# Talk - The Weil Conjectures and Topos Theory

### 07 Dec 2021 - Tags: my-talks

This quarter I took a class on analytic number theory with Dr Lapidus, and as a final project I wrote up a survey about the Weil Conjectures, which were the impotus for Topos Theory, an extremely deep subject that I’m always trying to learn more about. For bonus points, we could give a talk on our project, and since I’m an attention whore always happy to give a talk, I went for this option.

This was definitely one of the most difficult topics I’ve ever had to research for a talk, and I spent a lot of time on it. I’m glad I did, because my knowledge of toposes, cohomology, and their interaction has gotten much more solid. Of course, now I’m more intimately aware of just how much more about this I have to learn. It’s daunting and exciting in equal parts!
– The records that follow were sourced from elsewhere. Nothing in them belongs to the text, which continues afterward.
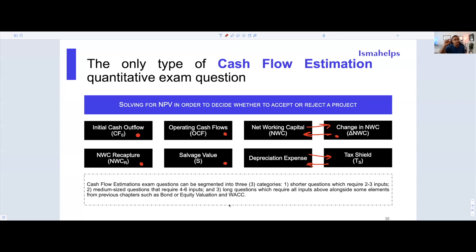One last thing: this chapter is going to look at multiple timelines, because we can think of every single one of these categories as being their own set of cash flows. We have our initial cash outflow at T0, then operating cash flows at T1, T2, and so on, then net working capital that may also occur at various times. All these different buckets are considered as being their own cash flows.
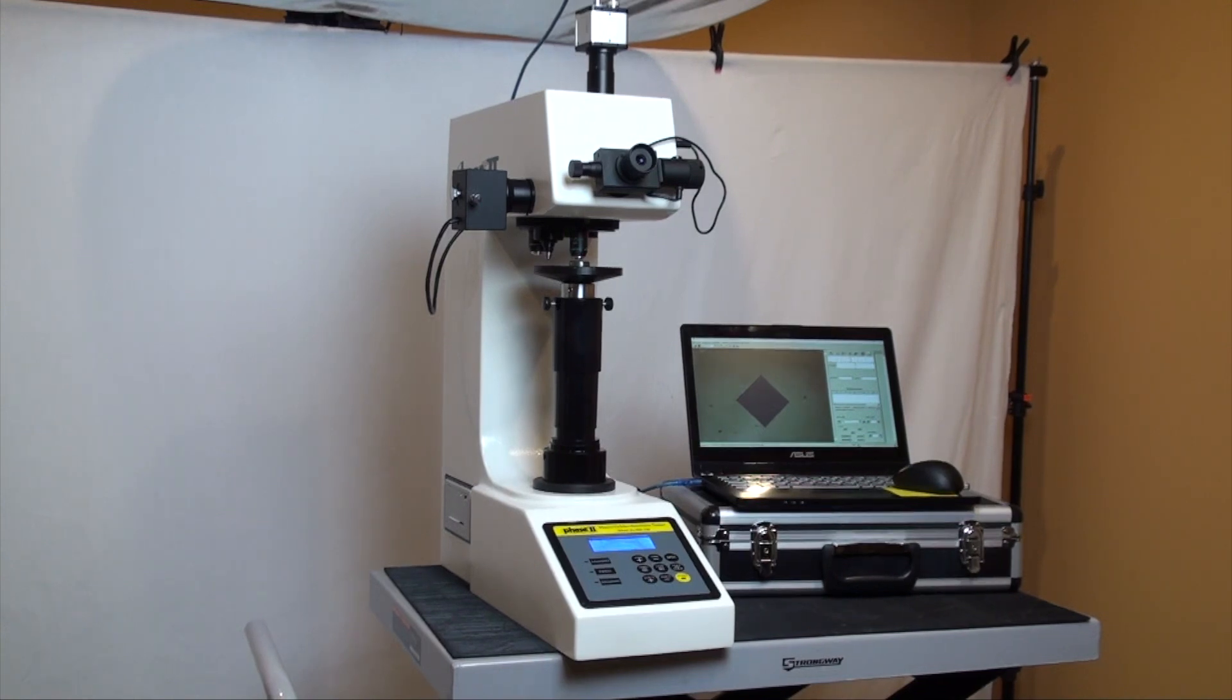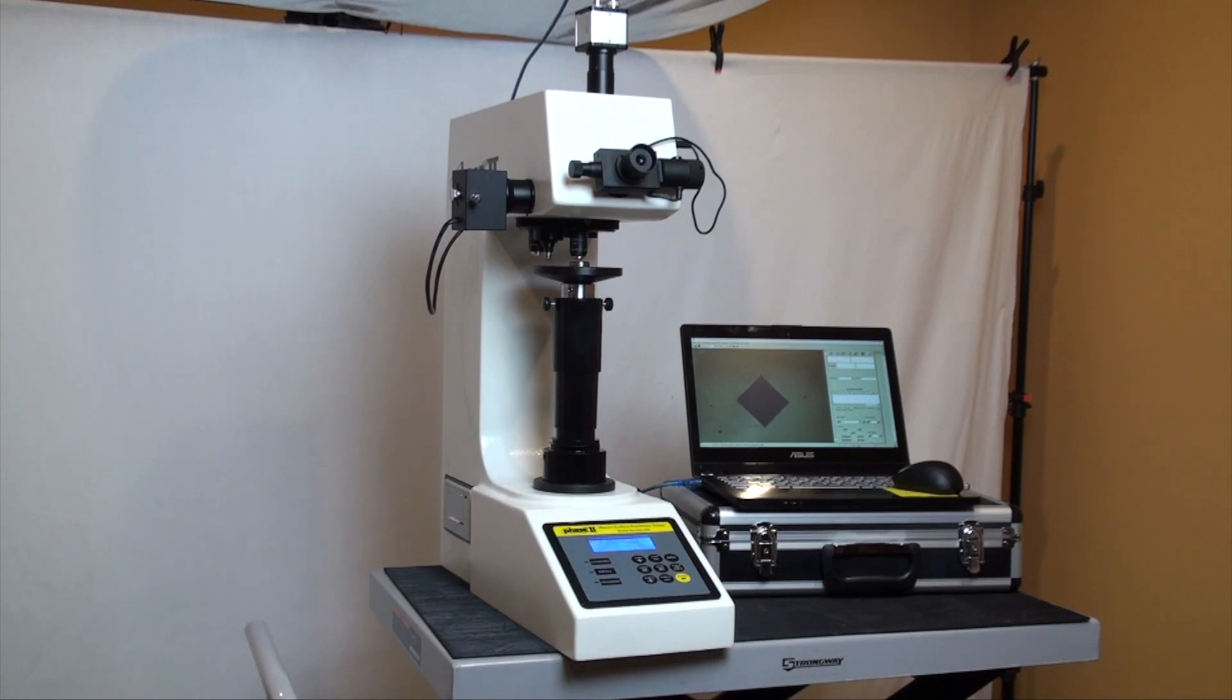Now let's move over to the operation of the hardness tester and see how easy it is to utilize the different functions, taking tests, and obtaining results.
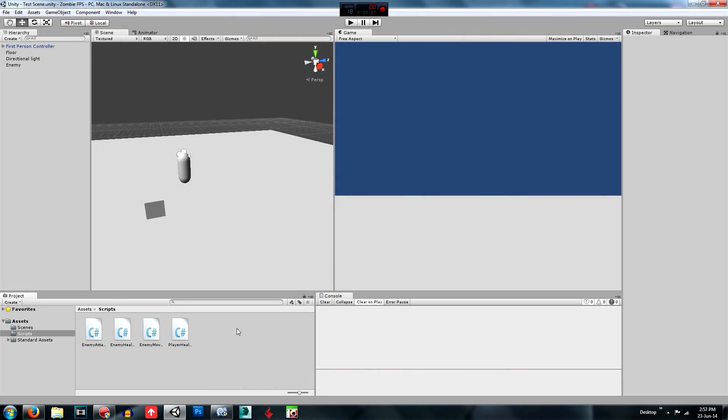Hey guys and welcome to the 4th episode of the Unity 3D How to Make a Zombie FPS Game Series. Sorry, it's been a while because I have just finished the exam period at school, so sorry about that but we're just about to go into the holiday period so I should be able to upload a few more videos in the next coming weeks.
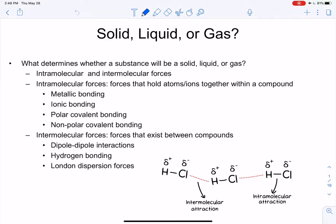We are back in the gas chapter. We've talked a lot about the characteristics of gases, and in other chapters we've talked about solids and liquids. But the question is: why is some substance a solid whereas other substances are liquids and others are gases? This has to do with intra- and intermolecular forces.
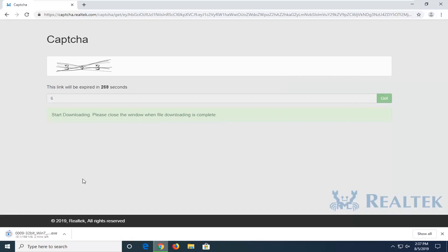It's about 169 megabytes, so it will definitely take a few moments to download here.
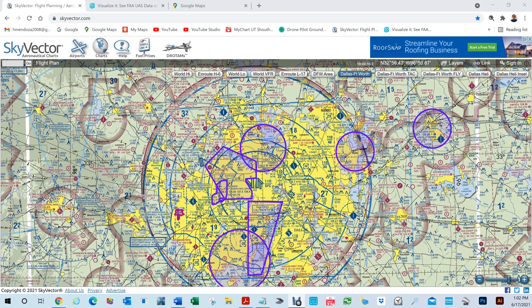Hello everyone, my name is Hector Mendoza. Earlier today I posted a video on how to plot a coordinate into your Sky Vector. Sky Vector is a very important program that we use to determine if we belong in a certain part of Dallas or if there's something going on in part of Dallas. Let me show you how to plot your coordinates real easy.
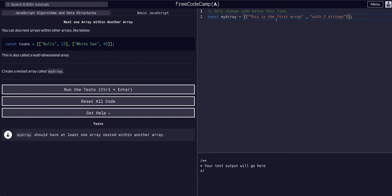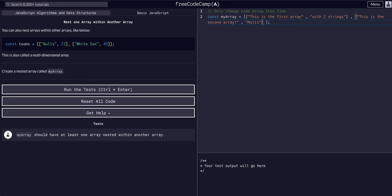Now we have an array that contains an array, and next to that we're going to have another array. We have another bracket, and this is the second array, with another string — multi-dimensional AF.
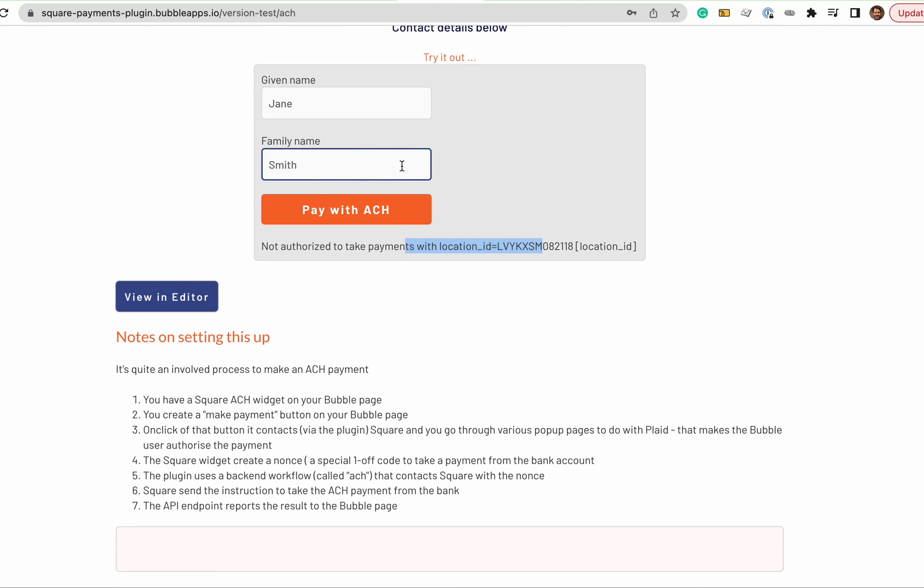So with that end-to-end process, you can embed ACH payments into your bubble app.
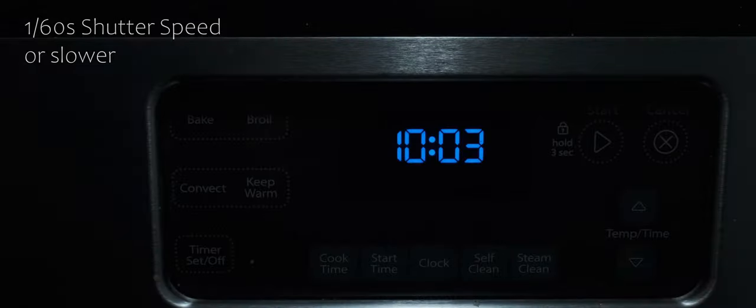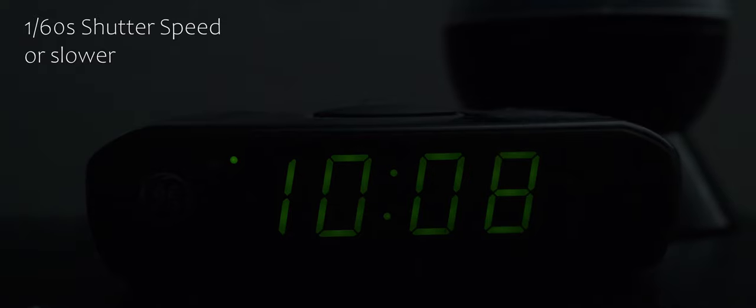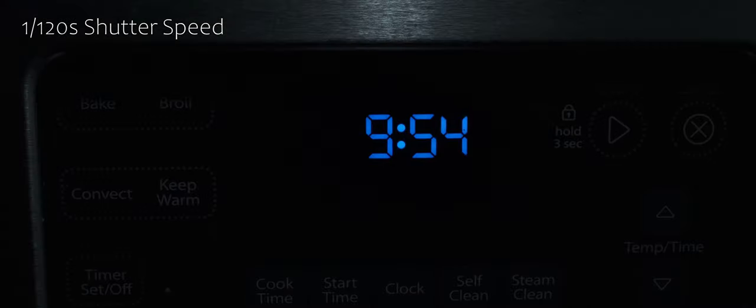If you want to eliminate flicker, you need to shoot at a shutter speed or shutter angle that syncs up with your region's electrical frequency, so that your shutter speed doesn't record the off fractions of a second causing the flicker during playback. High shutter speeds will almost certainly cause flicker.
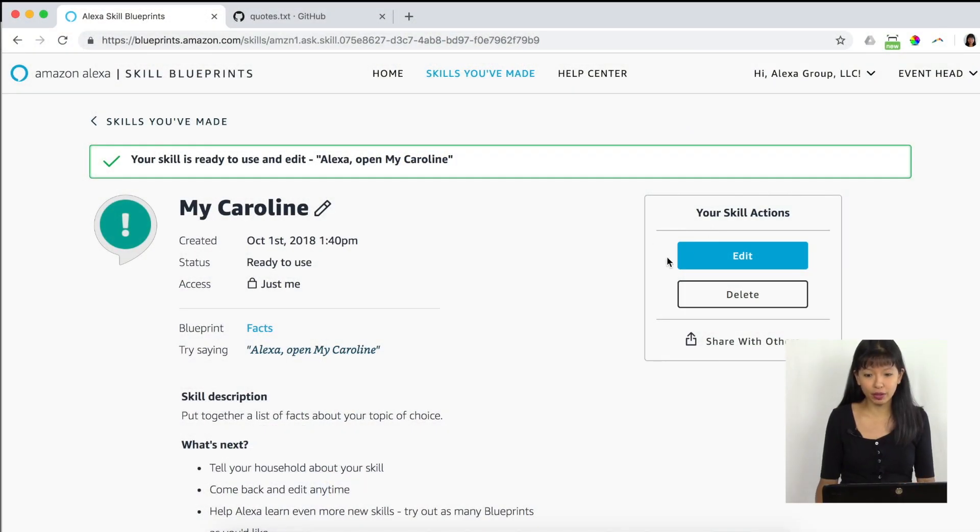'Alexa, launch My Caroline.' 'Welcome to facts about Caroline. Caroline's favorite movie is Clueless. Caroline has a cat named Tia. Ready to hear some more?' Yes. 'Caroline does not have a favorite song. Caroline graduated from Georgia Tech. There are no more facts — want to hear them again?' No. 'Hope to see you again soon.' And that was a demo of My Caroline, available on my Echo devices.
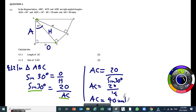I know from experience that sin 30° equals a half. So the final answer for AC is going to be 40 units. That would be the answer for 4.1.1 — AC equals 40 units. Then angle CAD, that is an angle, which will be this one here. That's angle CAD. But we are going to do this with regard to 4.1.2.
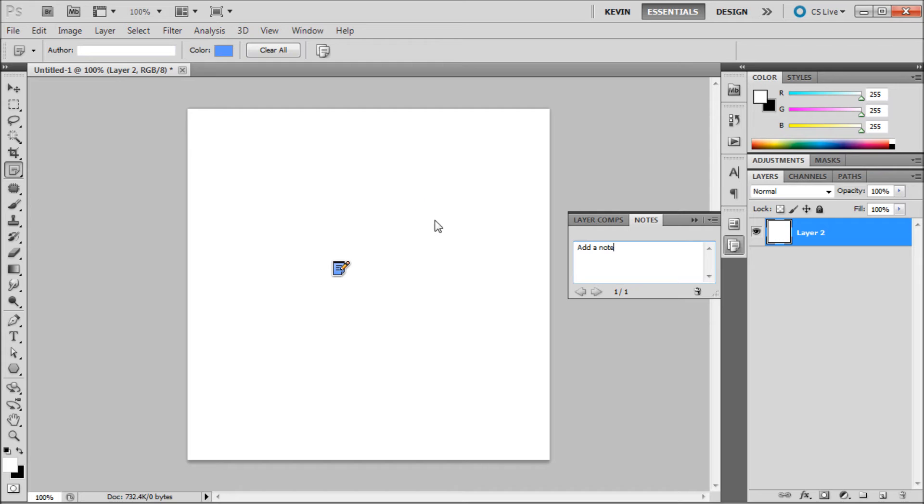To view your notes, open up the notes panel from Window Notes. From here you can edit, delete, and arrow through the notes that you have.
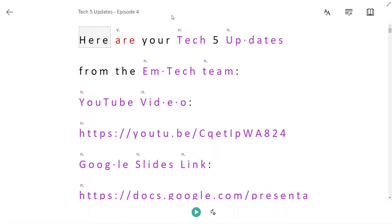Now, because I'm using Immersive Reader again in an online app in Office 365, it's actually remembering all of the settings that I adjusted the last time I used Immersive Reader in an Office 365 app. This can be very handy for your students. They're not always having to go into those different preferences and adjust their settings.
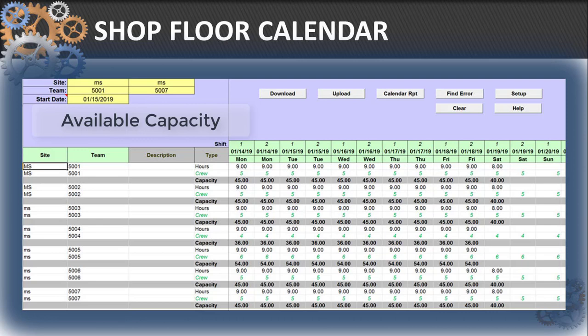You can make any necessary changes right in the calendar view. Then upload the revised data to QAD quickly and safely. Imagine using your real capacity information for production scheduling in QAD.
As for the talk itself, I wanted to give some very concrete examples showcasing what the Weil Conjectures say, as well as how we can use them to solve concrete problems. I read a lot of papers and watched a lot of videos about them, and I didn’t see anybody giving these kinds of concrete examples. I’ll almost certainly write up a blog post soon giving some1, because the computations aren’t super difficult and I think they’re worth showing.

In the associated paper, I spend some more time talking about toposes and how they relate to the Weil Conjectures through their cohomology theory. The subject is so deep that it’s hard to know exactly what to include, but I gave what I hope is a good introduction for beginners.

Both the paper and the talk are based heavily on this excellent talk by Sophie Morel (for the information about the Weil Conjectures) and on this excellent talk by Colin McLarty2 (for the historical development of toposes). There’s also Milne’s excellent paper here, and you can find a more complete bibliography in the paper3. At one point, I cite some geometric facts about the Grassmannians \$\mathsf{Gr}(2,4)\$, and while these are well known4, you can find some references for the computation here, here, and here.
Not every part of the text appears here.